Consistent with prior findings [22], night workers had significantly shortened sleep duration than day workers when assessed objectively with wrist-accelerometry. Sleep disturbances are often observed as a result of a shift work-related circadian misalignment, particularly when the individual attempts to sleep during the daytime when the circadian system promotes wakefulness [23]. Sleep restriction has been shown in observational and interventional studies to affect energy intake [24]. Increases in energy intake as a result of short sleep may be due to an imbalance in hormones regulating hunger and satiety or by increasing hedonic or non-homeostatic drive for food intake [24].
Contrary to the above hypothesis however, we did not observe differences in food intake between the shift groups. This finding is consistent with other observational studies in shift workers that similarly used self-report to assess food intake and observed no effect of night vs. day work on energy or macronutrient intakes [10, 25]. An important limitation in current and prior work is the use of self-report measures of food intake, which are criticized as being inaccurate, subject to bias, and possibly not an ideal representation of food intake [26, 27]. Novel methods to objectively assess food intake across a 24-h day, as well as measures of hormones regulating hunger and satiety, should be used in these individuals. To our knowledge, our group’s earlier report is the only study which used objective measures to compare food intake between day and night working individuals [28]. There, we observed significantly lower protein intake in a laboratory-based ad libitum test meal, in night vs. day workers [28]. We observed a similar effect of reduced (albeit not statistically significantly) daily protein intake (~20 g) here in night vs. day workers when assessing total daily intake from a 24-h food recall (ASA24). The recommended optimal level of protein intake in adults is 0.8 g/kg [29]. This equates to ~64 g per day in the current participants. A reduction of recommended protein by close to 70% is therefore not trivial. More work should be done to accurately and objectively monitor total daily food intake in free-living shift workers.

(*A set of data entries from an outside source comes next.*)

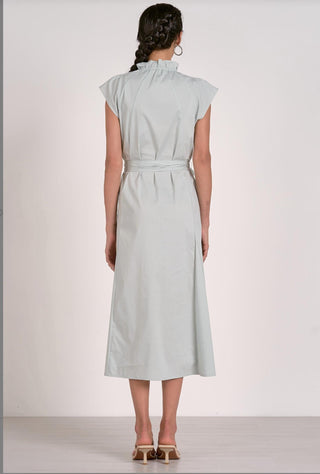 Elan - Vestido Cecelia Mint com mangas curtas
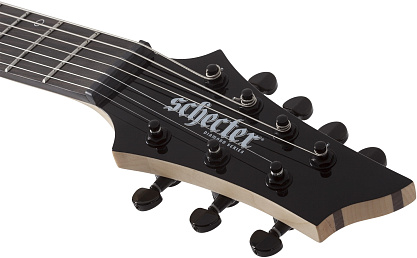 Электрогитара SCHECTER SUNSET-7 TRIAD GLOSS BLACK
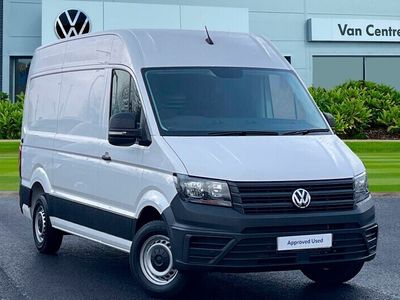 used VW Crafter 2.0 TDI 140PS Trendline High Roof Van Auto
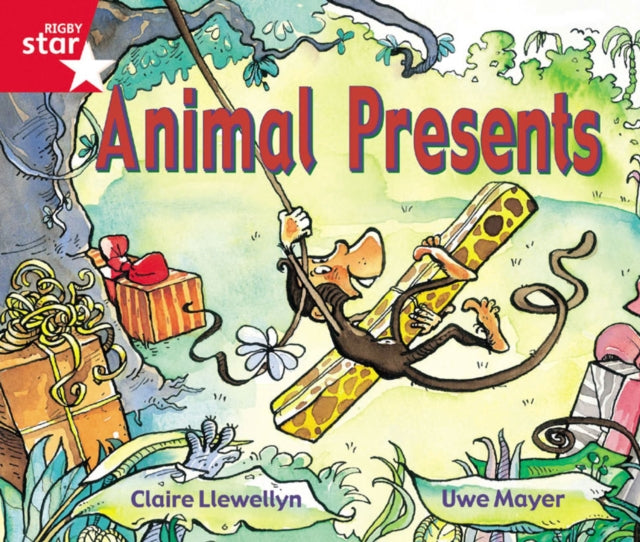 Rigby Star Guided Reception: Red Level: Animal Presents Pupil Book (single)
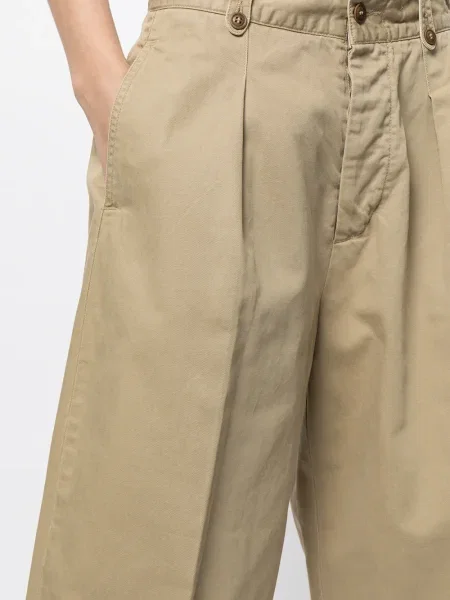 Παντελόνι Ralph Lauren Rrl κομμένο καφέ
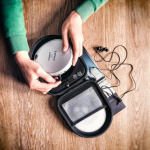 Lenco Powerbank-etui til Discman 5000mah grå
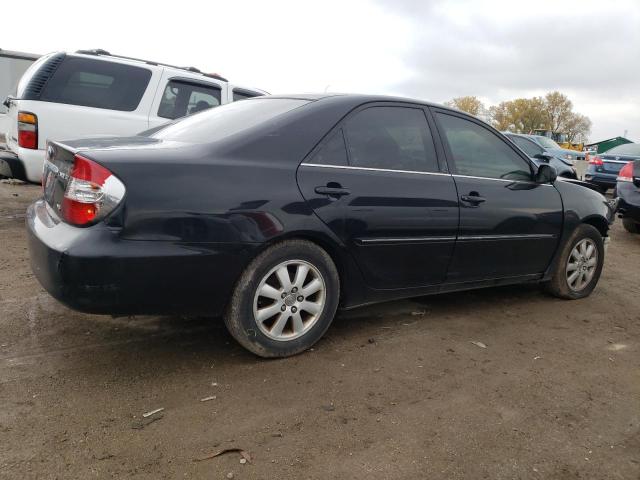 4T1BF30K14U065847 - 2004 TOYOTA CAMRY LE BLACK photo 3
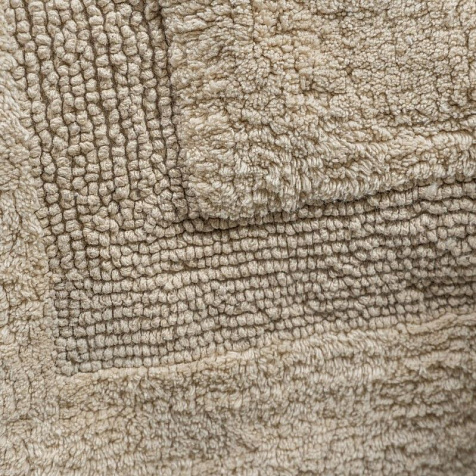 Коврик для ванной Iddis DSQS03Ci12, 50 х80 см, прямоугольник, хлопок, бежевый купить в СОМ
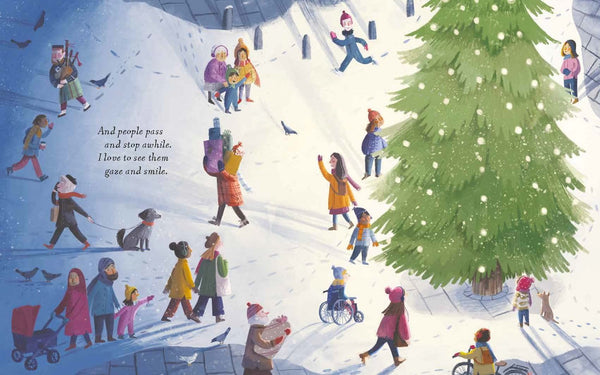 The Christmas Pine - Hardback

Separately from total daily energy and macronutrient intake, alterations to the timing and duration of food intake in night vs. day workers can provide another potential explanation for the increased risk of obesity in shift workers. In a shift work model, mice fed selectively during their subjective night (inactive/light phase) gained more weight and tended to have a greater percent body fat, despite similar energy intakes and physical activity as compared with mice fed selectively during their subjective daytime (active/dark phase) [30]. Furthermore, with ramifications for shift workers who are exposed to light throughout their night shifts, mice maintained in constant light or on a light/dim light cycle rather than a standard light/dark cycle also demonstrated increased weight gain and impaired glucose tolerance [31]. Increased food consumption during the habitual inactive phase was correlated with body weight, and restricting food intake to the active phase in these mice prevented body weight gain [31]. In humans, prolonging food consumption into the late hours and for more than 14 h per day is thought to contribute to dysmetabolism [32]. Moreover, a human trial of time restricted feeding, in which individuals with habitual eating duration >14 h per day were requested to limit eating episodes to within a 10–12 h window, found that limiting the duration of daily intake reduced body weight [33]. It is therefore possible that the extended daily eating duration window in night workers (~14 h per day in night workers vs. 12 h in day workers), as well as alterations to the temporal distribution of eating episodes (i.e. eating at night, or the “wrong” circadian phase) can account for increased risk of obesity in night shift workers even with similar energy intake to day workers.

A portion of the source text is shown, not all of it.